An example of training a movement is to perform a barbell squat. The movement is the squat, the body parts required to perform the squat are the quads, hamstrings, glutes, core, calves and the spinal erectors. This is a compound movement (multi joint) and is a very efficient exercise that uses a lot of muscle groups.
An example of training a body part would be using a leg press machine. This is specifically targetting the quads (as well as the glutes to an extent depending on the depth) but doesn’t use any of the stabiliser muscles like the core and back.
Both of these methods have their place and it depends on the person’s goals and there is nothing wrong with using both! Many people seem to get in the mindset of black or white. There is nothing wrong with some shades of grey!
I will typically recommend beginners to start with a full body workout that is comprised of many compound exercises. The reason for this is that this is the quickest way to build a base of strength. Once a strength base is achieved, then the specific goals of the person will be used to design a program that meets their needs. Are they a triathlete, bodybuilder, powerlifter or just wanting to look good naked?
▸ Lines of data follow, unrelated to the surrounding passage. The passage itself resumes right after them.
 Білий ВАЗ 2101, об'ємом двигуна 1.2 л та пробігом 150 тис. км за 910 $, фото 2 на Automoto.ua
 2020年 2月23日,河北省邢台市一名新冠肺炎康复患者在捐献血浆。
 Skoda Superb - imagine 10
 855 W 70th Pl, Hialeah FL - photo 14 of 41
One of the best examples of training the movements are some of the Russian powerlifting programs like sheiko and smolov where the competition lifts are basically all that is done in each training session. The methodology is that the more you practice the specific movement, the better you will become at it. Whereas, the Westside sytem (a popular American program) utilises many different sorts of accomdated resistance like bands and chains. The reasoning for this is that they believe that if you are placed in a more difficult sitation than in the competition lift you will be able to power through it e.g. box squatting with chains. This just shows that there is more than one way to skin a cat and is one of the reasons why experimentation is key. One thing is for certain though, progessive over load is a requirement for strength and hypertrophy (or maintenance of LBM) and your program should include this. As they say, what doesn’t challenge you doesn’t change you.
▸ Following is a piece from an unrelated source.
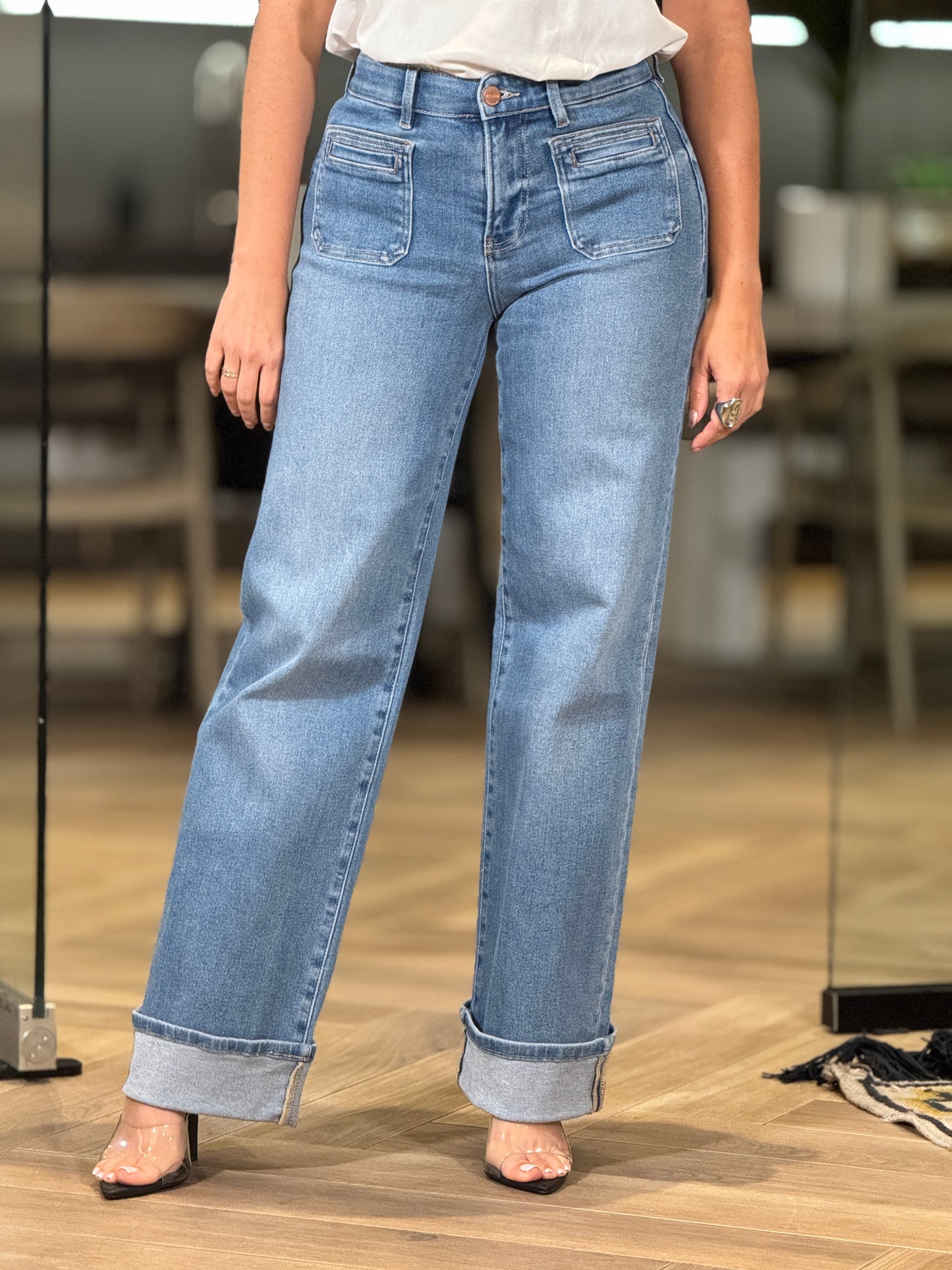 Risen Cuffed Jeans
An example of training a body part would be a typical bodybuilder split program that is based around training a certain body part on a certain day. An example of this would be a 4 day split like the following:
Monday: back and biceps
Tuesday: chest and triceps
Thursday: quads and hamstrings
Friday: shoulders,calves and abs
These type of splits are designed to target a specific muscle on the day. Depending on the level of the trainee, the sets and reps can vary greatly (especially in a poorly designed program). Although this type of training is focussing on a specific muscle group, many of the same compound exercises can be used e.g. squats, deadlift and bench press. These are typically followed up with isolation (single joint) exercises for the target muscles.
In summary, there are MANY different types of training methods to choose from and it is important to set your short and long term goals to help you determine which type of program is best suited to you. The worst thing you can do is program hop. If you decide on something, stick with it for a decent period of time and if it ain’t broke don’t fix it.